高橋留美子 税込6800円の高額原画集が1万部突破 人気の理由は紙の書籍ならではの保存性

 漫画界の巨匠・高橋留美子の原画集が驚異的な売れ行きだ。3月29日に発売されたばかりの『高橋留美子原画集 COLORS 1978−2024』(小学館/刊)が、わずか1週間ほどで1万部を突破したと、高橋留美子の公式Xが明らかにした。そして、なんと1万部突破を記念して、高橋留美子のサイン色紙が5名に当たる超豪華なキャンペーンの実施も決まった。

 高橋留美子は1978年のデビュー以来、『うる星やつら』を筆頭に少年漫画はもちろん、『めぞん一刻』など青年漫画でもヒット作を連発。以来、45年以上にもわたって漫画界のトップランナーとしてあり続けている。

 今回の原画集には『うる星やつら』や『めぞん一刻』、『らんま1/2』、『犬夜叉』などの代表作から、現在「週刊少年サンデー」で連載中の『MAO』まで、カラー扉絵や名シーンを厳選して収録している。通常はコミックスなどでは消えてしまう、写植やホワイトの修正跡など、高橋留美子の試行錯誤の跡までじっくり楽しめるこだわりの仕様が特徴だ。

  そして、ファンにはたまらないのが高橋留美子のロングインタビュー。「高橋留美子を高橋留美子にするものは何なのか?」などのテーマで、約6時間におよぶインタビューを敢行している。まさに永久保存版と言っていい完成度だろう。

  この本は400ページというボリュームなので当然かもしれないが、税込6800円とかなり高価な書籍である。しかし、購入したファンからは、その作りの良さを賞賛する声が相次ぎ、満足度は非常に高いようだ。実は、この原画集は当初は2023年12月13日の発売予定だったものの、一度発売日が延期になっている。その間ファンは首を長くして待ちわびていたわけだが、そんなファンの期待に応える内容となっているようである。

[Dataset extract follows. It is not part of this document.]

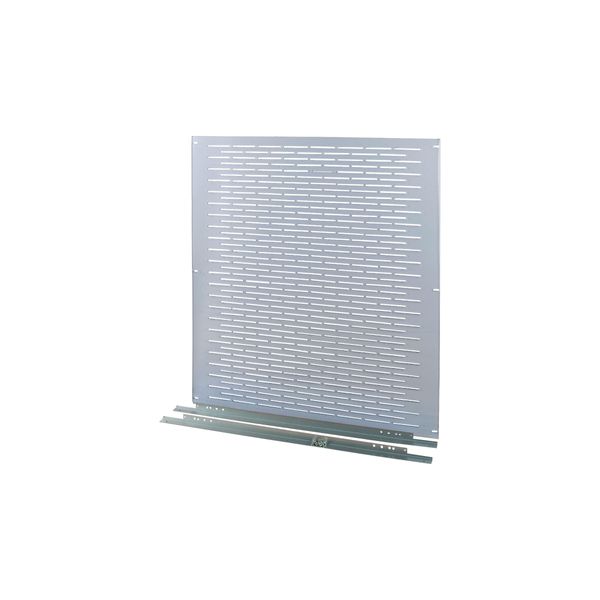 Cover, transparent, 2-part, section-height, HxW=900x1000mm image 2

  近年、書籍のグッズ化が進行している。それは、値段が多少高価であっても、内容から、紙質までファンを満足させるこだわった作りの本のことである。『高橋留美子原画集 COLORS 1978−2024』もまさにそんな一冊で、電子書籍では味わえない紙の本ならではの魅力が凝縮された一冊になっているし、本棚に並べて末永く保存しておきたい部類の書籍であろう。6800円の本が1万部以上売れたニュースは、出版界にとっても大きな希望と言っていい。

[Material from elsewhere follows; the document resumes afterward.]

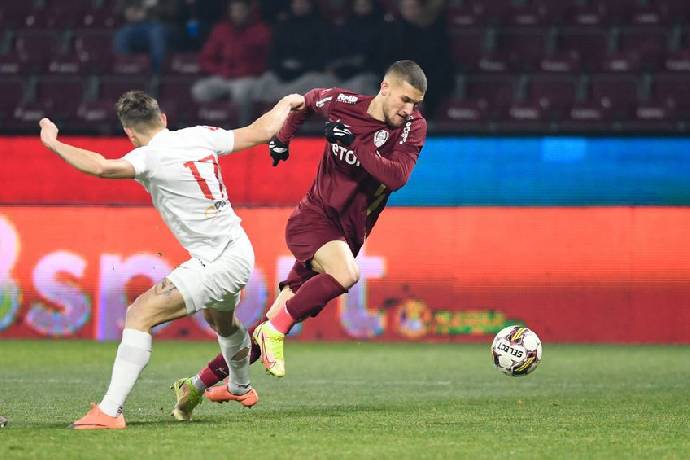 Nhận định, soi kèo Dinamo Bucuresti vs CFR Cluj, 1h30 ngày 1/11: Khắc tinh Nhận định, soi kèo Dinamo Bucuresti vs CFR Cluj, 1h30 ngày 1/11: Khắc tinh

  編集担当者も、「カラーの原画だけでも圧倒的な凄みを感じる作品群ですが、それぞれの時代の高橋先生の生み出した作品と言葉や思考を合わせて見ることで、漫画を描いている人にはもちろん、ものづくりをしている人にもヒントとなるかもしれません。日本の漫画史に残る原画集だと思います」と自負しているように、ファンのみならず手にしたい一冊である。